The Achievement of Desire – Richard Rodriguez

                If there’s one thing I’ve learned from any cheesy television show, I learned on The Secret Life of the American Teenager that, “It’s all about acceptance – loving the imperfect makes us accept and love our own imperfections”. This quality, loving people for their imperfections, is what I feel Richard Rodriguez lacks. His eyes are closed to everything around him except one thing: his education.

                Rodriguez is lucky to come from a family where the work ethic is strong and push for knowledge is enforced. His parent’s do all that they can to send him to a great school, taught by nuns, in order to ensure that he will be more than another average person in the world. His mother, ever encouraging him to pursue education, loves how brilliant he is. From an early age everyone knew Rodriguez was very smart. Having only a small amount of schooling, his mother didn’t want to lose touch with her children as they became better in school and better at speaking English. She’d often ask Rodriguez, “what do you see in your books?” – a simple yet complex question. He may have replied in a variety of bored, enthusiastic, or pleasant answers, but instead he usually chose to ignore her. He was too young and ignorant to recognize that she was doing all she could to be a good mother and help her children be raised in America. While in grade school Rodriguez proudly announced that his teacher had told him he was beginning to lose all trace of a Spanish accent. His family was so shocked! I feel that this was the very first sign of how hard he was working to achieve the same level of education as his peers – even if it meant sacrificing his family and heritage. But is there such a need for the division of education and home life?

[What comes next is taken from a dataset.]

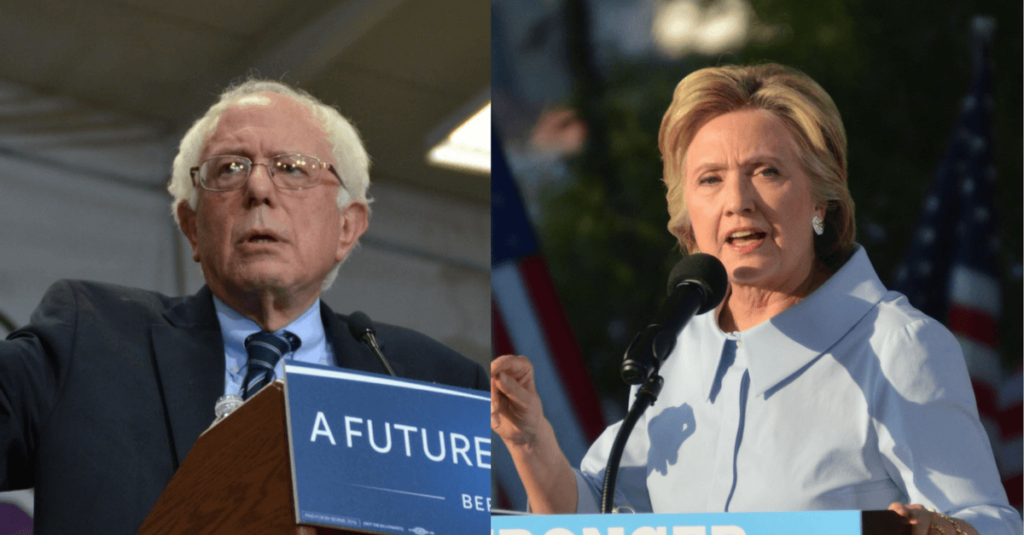 Pat Rynard - Iowa Starting Line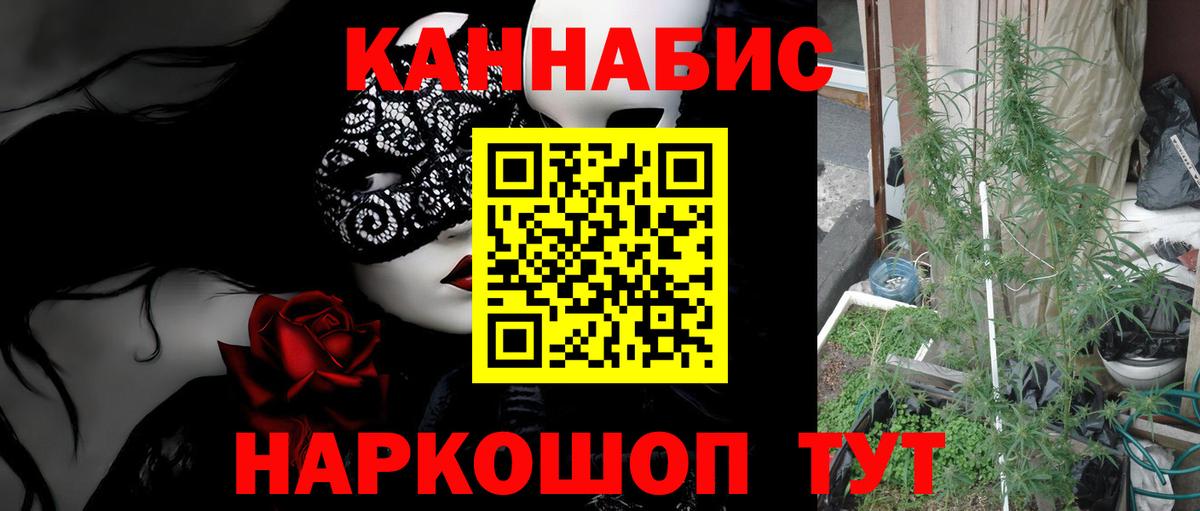 МАРИХУАНА конопля  Канабис конопля  Шишки марихуана Ganja  Сухой Лог  Вход с VPN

                The biggest mistake I think he made was trying to separate his life into sections. What he needed to learn is that you can have whatever you want, so long as you are willing to struggle for it. Things in life don’t come easy. I’m not sure how he never learned this – I mean, he was reading tons of books, going to school, was taught by nuns… He was obviously wasn’t focused one hundred percent of the time. I feel like this is one of those basic life lessons that is naturally learned. Things in life don’t come easy, but they do come to those who work hard.

                At the same time, I agree with how he handled things. Being young it’s difficult to connect with parents at times. Having a barrier such as language and level of education could be scary and so difficult it’s hard to even comprehend. Steve Jobs once said, “Your time is limited, so don’t waste it living someone else’s life, don’t be trapped by dogma — which is living with the results of other people’s thinking. Don’t let the noise of others’ opinions drown out your own inner voice. And most important – have the courage to follow your heart and intuition. They somehow already know what you truly want to become. Everything else is secondary.” So was the divide necessary? No. Was it a bad choice? No. In life we have many choices. Some are good, some are better, and some are the best. I don’t think people often make BAD choices they just don’t make the BEST choices possible.

                “Whatever comes our way, whatever battle we have raging inside us, we always have a choice. It is the choices that make us who we are and we can always choose to do what is right” – wise words, stated by Peter Parker (A.K.A. Spiderman). Richard Rodriguez chose to be a ‘scholarship boy’. He could have chosen to be a scholarship boy who appreciated his parents, who enjoyed speaking Spanish in the home, who made time for family downtime. Instead, he became “that scholarship boy who must move between environments, his home and the classroom, which are at cultural extremes, opposed” (page 599). He goes on in the next few pages to say that “scholarship boy: good student, troubled son”, and that he “… intended to hurt my mother and father”. He was aware of his actions. He was aware of the situation. He was aware that he had control over whether or not he was happy at home. But for whatever reason, someone had stuck the idea in his head that his school life could not mix with his home life.

                Personally, I don’t care just how smart he is. I think he’s a horrible person. While it may be easy to argue whether or not he made a good choice, you’ll always be able to argue that he could have made a better one. Honestly – what kind of person wants to live life without their family by their side? His parents were so proud of him! Which he promptly follows with “never betraying my sense of irony: I was not proud of my mother and father. I was embarrassed by their lack of education”. This is ridiculous! I feel like I’m stuck watching a dramatic soap opera, screaming at the television for the actors to do as I say, knowing my attempts are hopeless because they cannot hear me. If it weren’t for his parents, he wouldn’t even have the education that he does. How can he dismiss all of their work and sacrifice as if it were his God-given right for them to put their lives aside and focus on his? How did he become so selfish?

By the end of the essay Rodriguez himself even says that his departure to college is what made this family-school life separation apparent. This only solidifies what I stated earlier – he knew what kind of choices he was making. He wanted to hurt his family; he was consciously doing so. I just can’t figure out why. It’d have been so easy for him to simply acquire more patience; to act tender heartedly like his mother. If he had put the same kind of loving effort into his family relationship as he put passion into his studies, his childhood could have been wildly different.